Do you see your usage going up or down?
Needs more posts.
I don’t see as many insightful comments as I did on Reddit, but that’s just a function of the number of comments/users.
I like that there are enough posts to keep me entertained.
There’s a lot of smart people here, but I feel you’re correct. There’s no need for smart people to show themselves when everybody agrees with them or they’re afraid to give a dissenting opinion.
It feels like we’re all knowledge workers. I fit into the middle aged, D&D playing, politically left, software developing dad demographic. It feels like most of the posters here check many of the same boxes.
As someone who is not, boy does it get annoying hearing shit like “just change jobs and you’ll get a big raise!”
Sorry for that, the software people tend to forget they live in a very comfortable bubble.
The funniest thing is that if people actually decided to “learn to code” as the common mantra goes, software types will be the first hurt as a surplus of labour in their field presses down salaries.
That already happened, at least where I live. I make only slightly less than an entry level dev as a tradesman at a grocery store. And all the dev jobs are in Vancouver where the cost of living is about 30% higher. But they’re not making 30% more than I am.
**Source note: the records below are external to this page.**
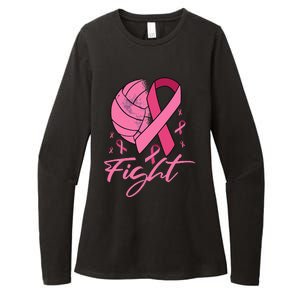 Fight Breast Cancer Volleyball Pink Ribbon Awareness Womens CVC Long Sleeve Shirt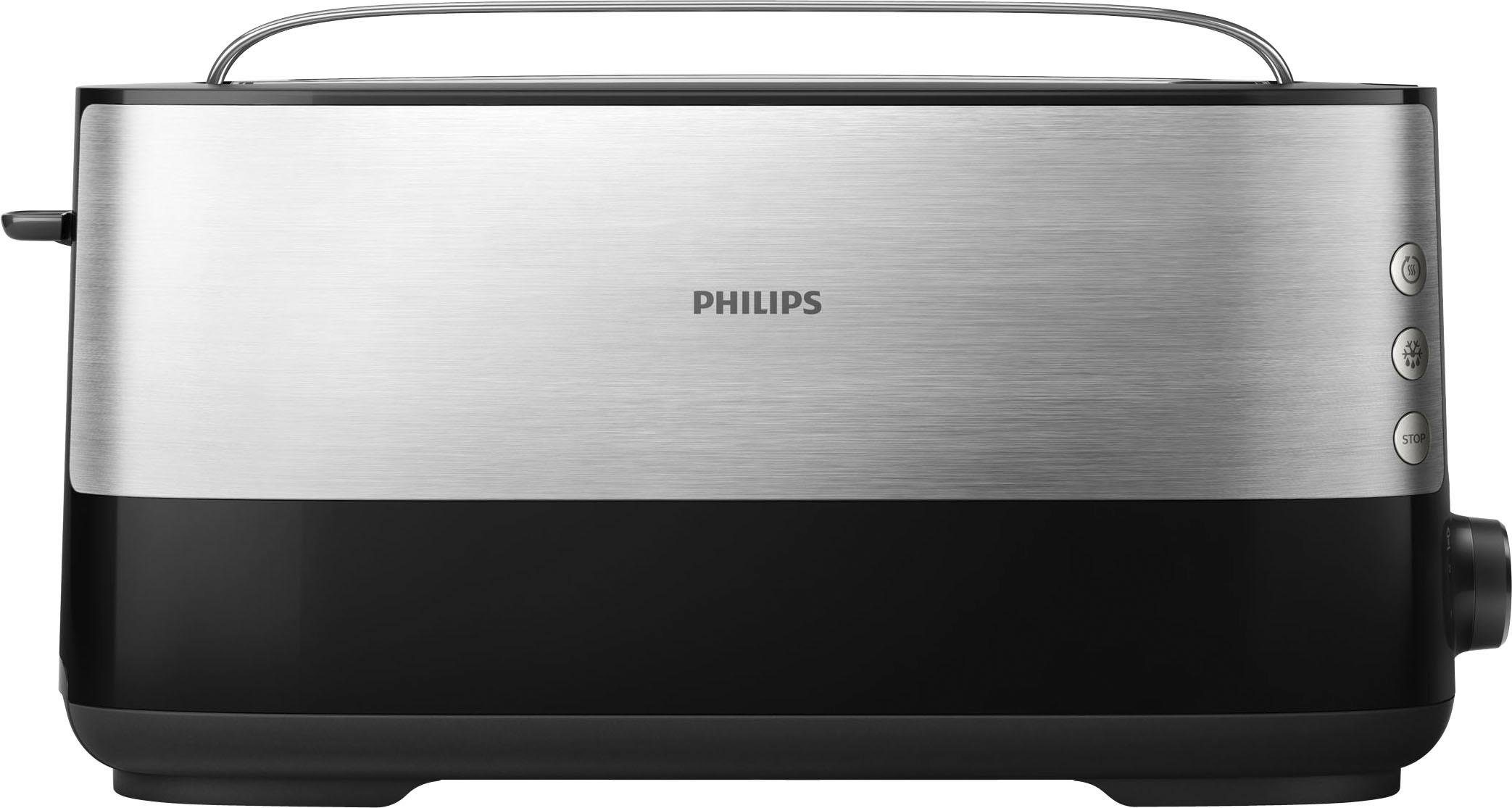 Philips Toaster HD2692/90, 1 langer Schlitz, für 2 Scheiben, 950 W, mit Aufwärm- und Auftaufunktion, integriertem Brötchenaufsatz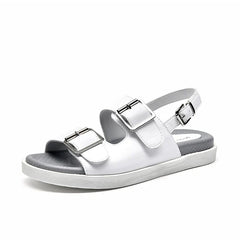 BeauToday Casual Sandals Women Genuine Leather Metal Ankle Buckle Strap Summer Beach Ladies Low Heel Sport Shoes Handmade 38128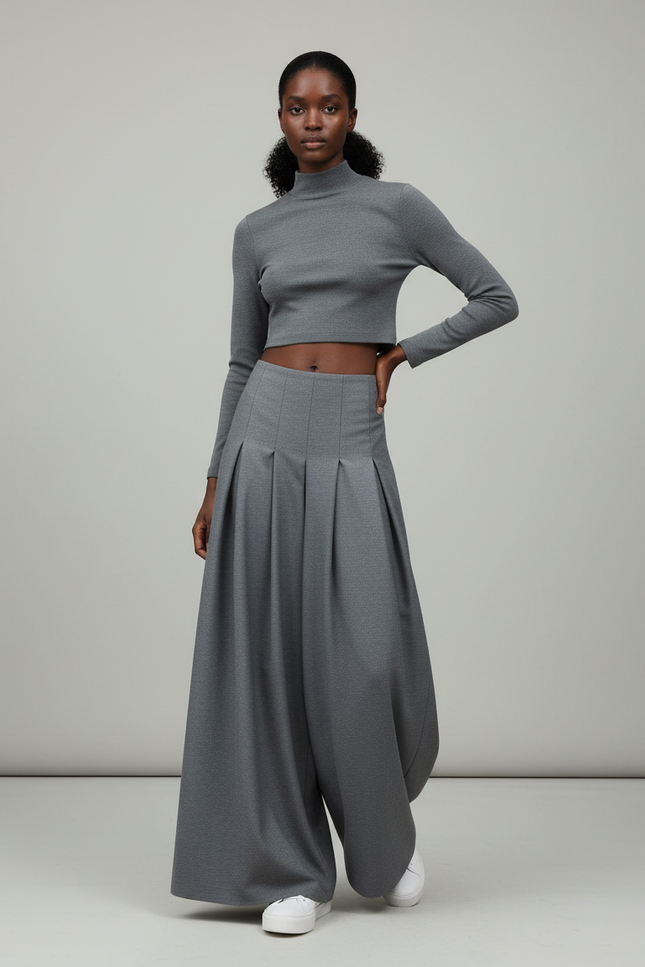 Jupe Longue Grise Plissée Élégante Tendance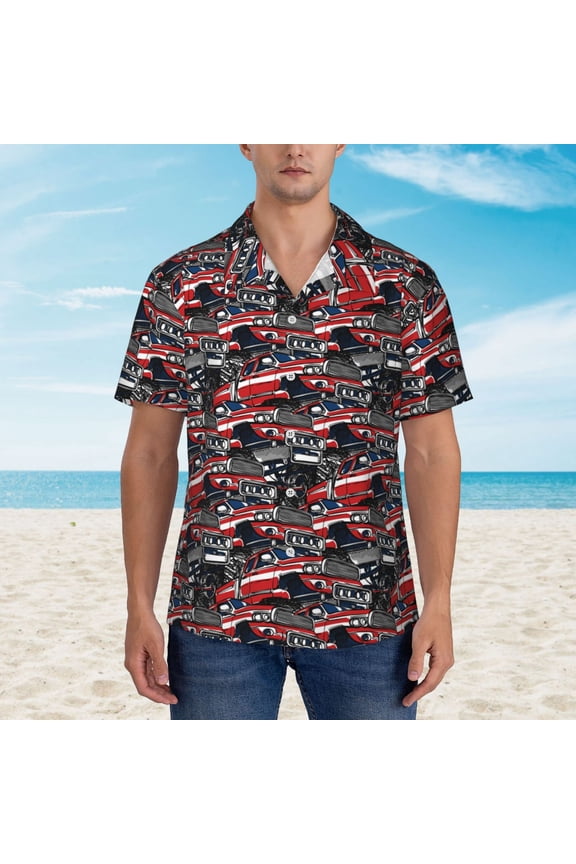 Red And Blue Cars print Hawaiian shirt - a stylish short-sleeve button-down for men, perfect for casual beach and tropical outings.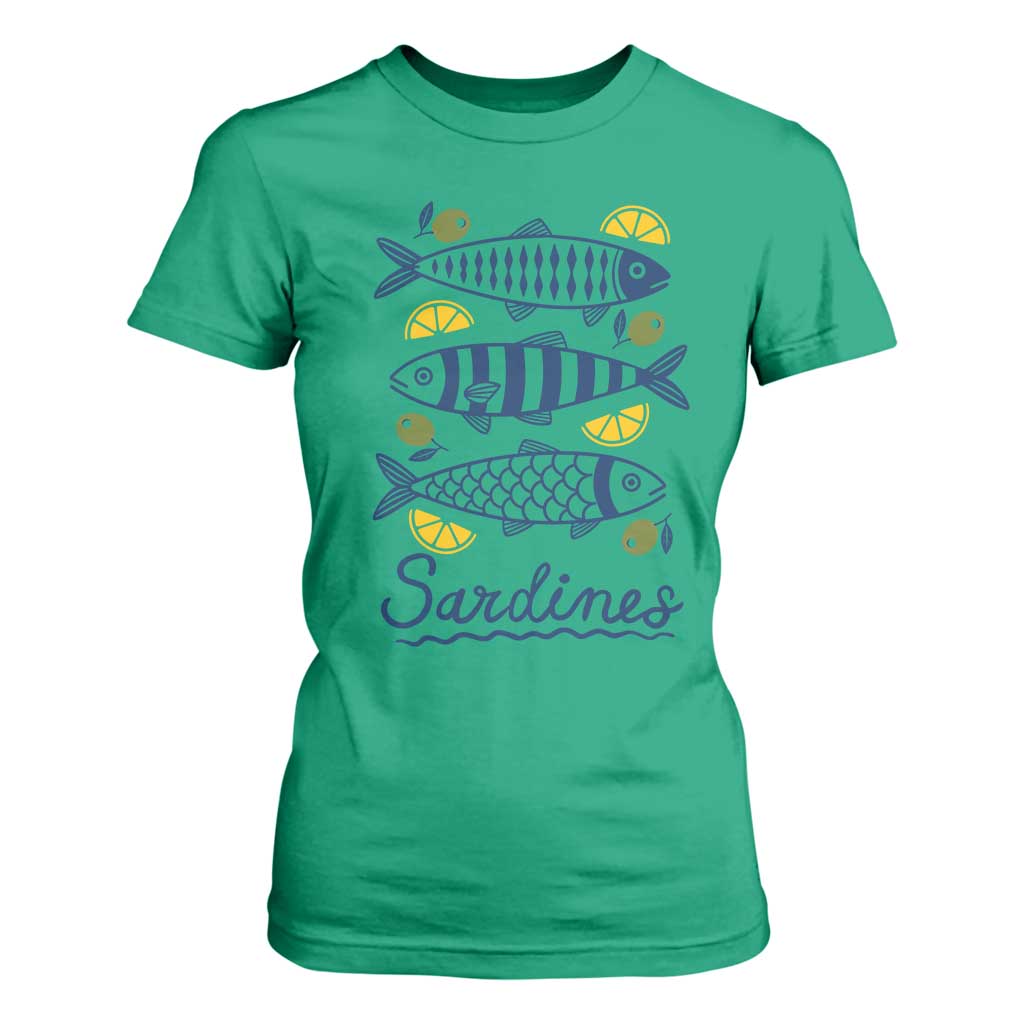 Minimal Sardines Fishermen Aesthetic Retro T Shirt For Women TS11 Irish Green Print Your Wear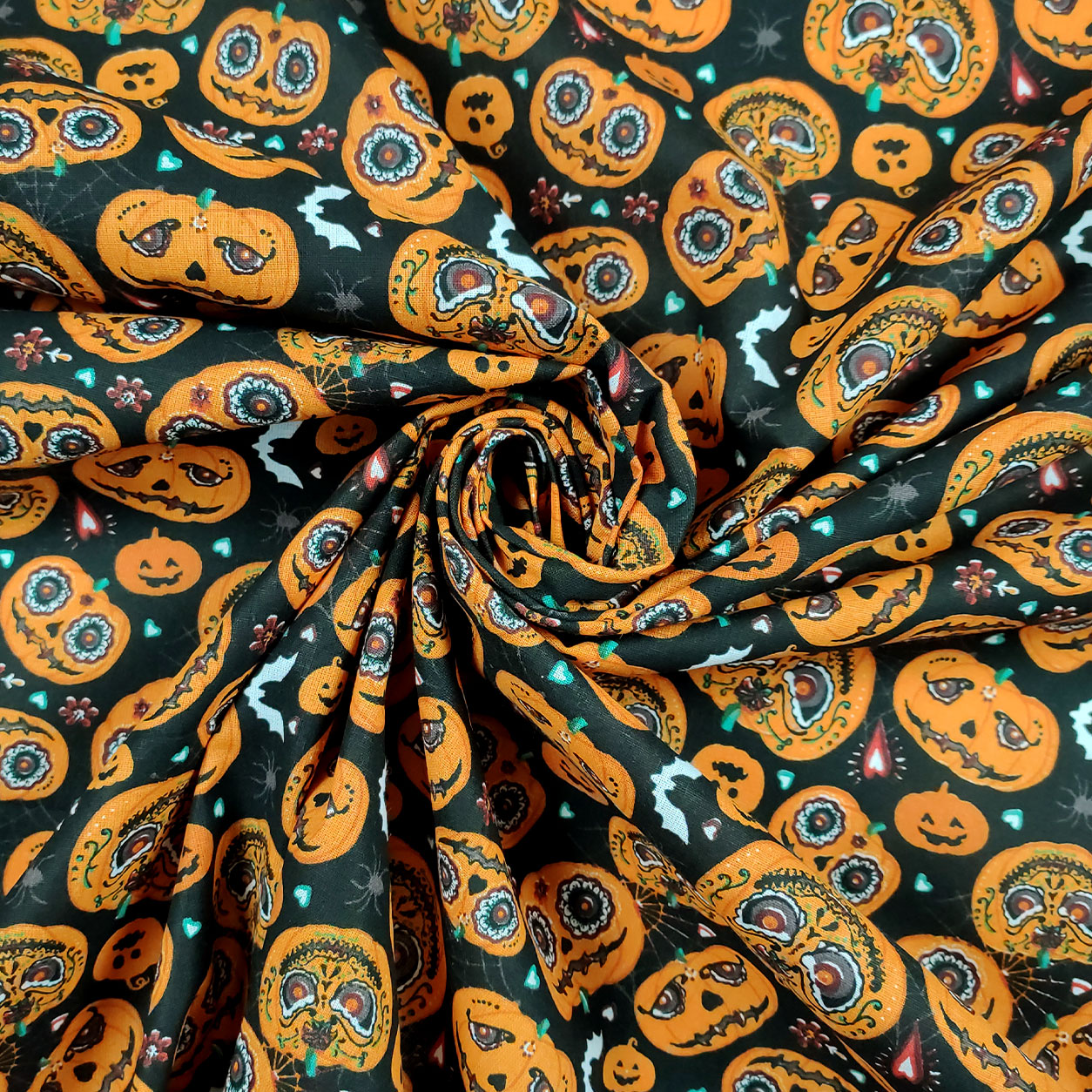 Baumwollstoff Halloween Mexikanische Kürbisse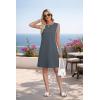 image:imageWEACZZY Summer Dresses for Women 2026 Casual Crewneck Fit Beach Vacation Dress Sleeveless Loose Sundress with PocketsDark Gray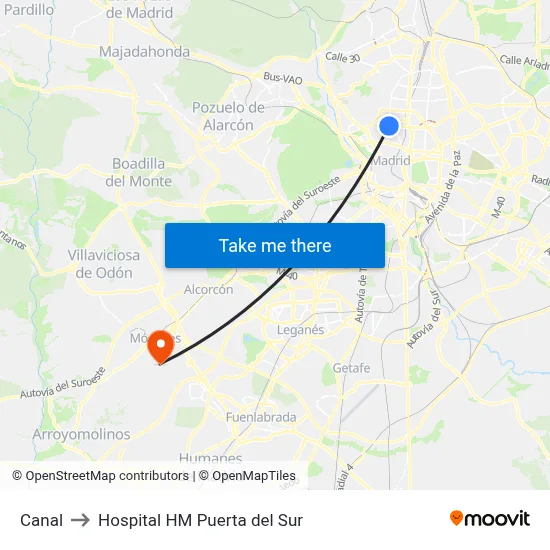 Canal to Hospital HM Puerta del Sur map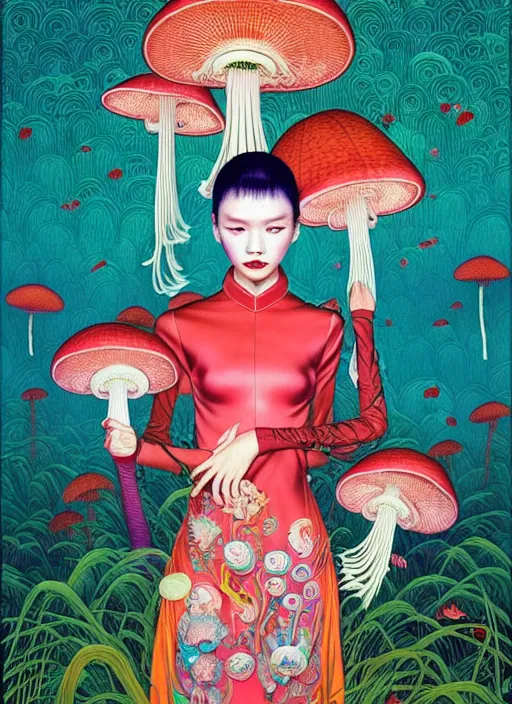 Image similar to pretty chinese model with hallucination mushroom : : by martine johanna and simon stalenhag and chie yoshii and casey weldon and wlop : : ornate, dynamic, particulate, rich colors, intricate, elegant, highly detailed, vogue, harper's bazaar art, fashion magazine, smooth, sharp focus,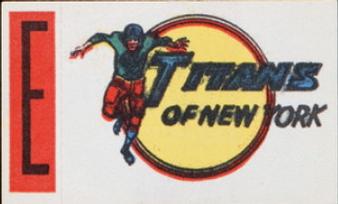 1961 Topps - Flocked Stickers #NNO New York Titans E Front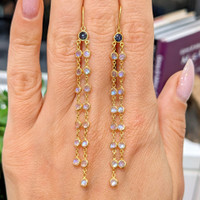 6.60 Ct.Tw. Moonstone Bezel Earrings, 18K Yellow Gold Image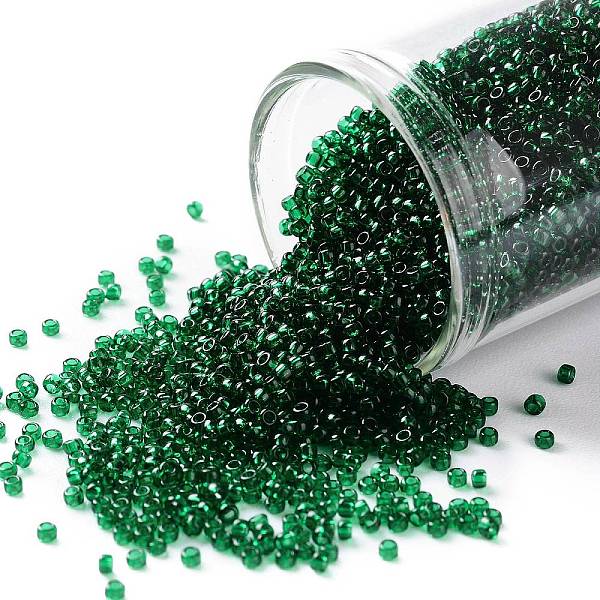 

PandaHall TOHO Round Seed Beads, Japanese Seed Beads, (939) Transparent Green Emerald, 15/0, 1.5mm, Hole: 0.7mm, about 3000pcs/10g Glass...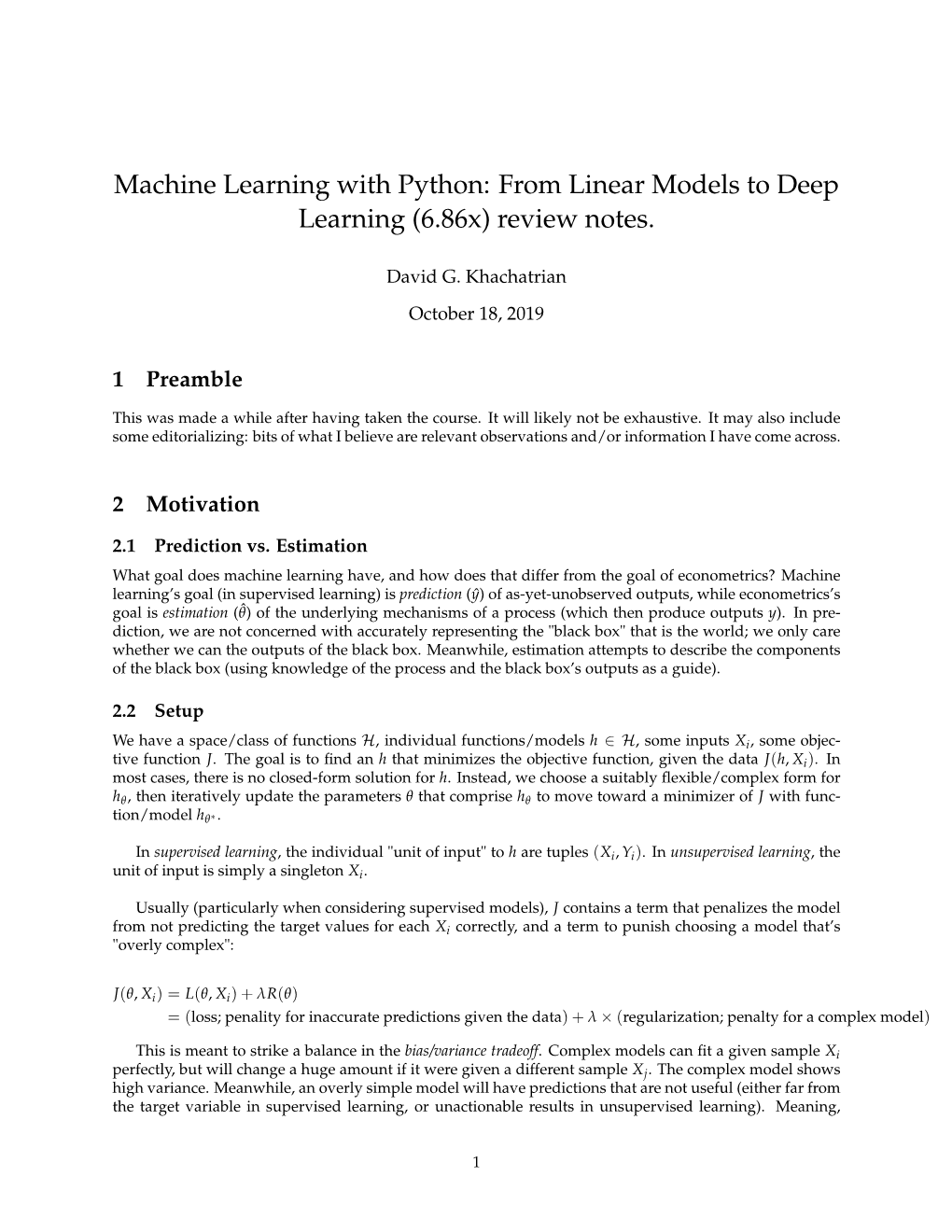 From Linear Models to Deep Learning (6.86X) Review Notes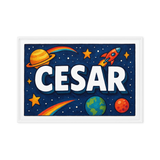 Cesar Name Art - Space Explorers personalized wall print for kids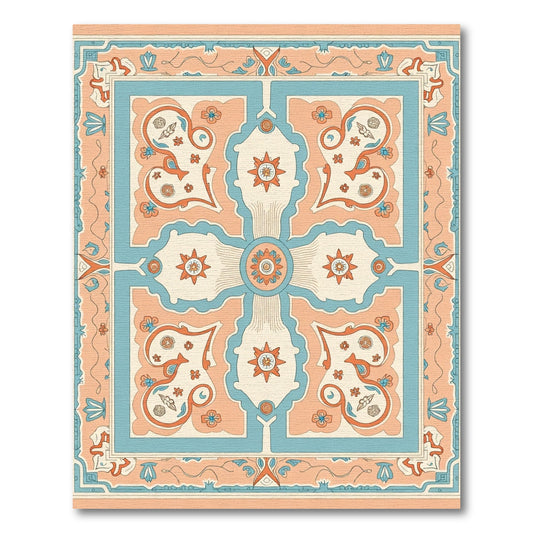 Coral Blue Vintage Floral Medallion Rug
Well, you certainly have me in that list. I just feel the need to be correct for correct reasons, not just because it makes me feel morally superior. I frequently try to prove myself wrong as an exercise in keeping sharp.
Really insightful or just creative and well-worded variations on what people “already know”?
The latter are very common, even here. Truly insightful comments are vanishingly rare anywhere there’s an up/down vote system.
As an example, if I were to comment on someone’s post about the evils of the Chinese government (with the inevitable mention of Tiananmen Square in 1989) with the truth, that would be downvoted to perdition. Hell, there’s a good chance the post would be removed. I would almost certainly be branded a “tankie”. Because truth is not an issue in populism. Popularity is. And the popular opinion says hundreds to thousands of students were massacred in Tiananmen Square when in reality the truth of the matter is no students were massacred and the massacre that did happen didn’t happen in Tiananmen Square.
You see the real massacre happened several kilometres away and was of protesting labour. The student gathering in Tiananmen Square was a sideshow to the real perceived threat the Chinese government was reacting to. A mild annoyance vs. the perceived existential threat of the nationwide labour protests that even included elements of the PLA. But bring that genuine insight, not just rewarmed and creative expressions of popular opinion, into a thread and you’ll be voted into nothingness.
Lemmy had an opportunity to improve on Reddit. The (openly communist) developers of it decided instead to just make their own Reddit with leftist leanings and blackjack and hookers.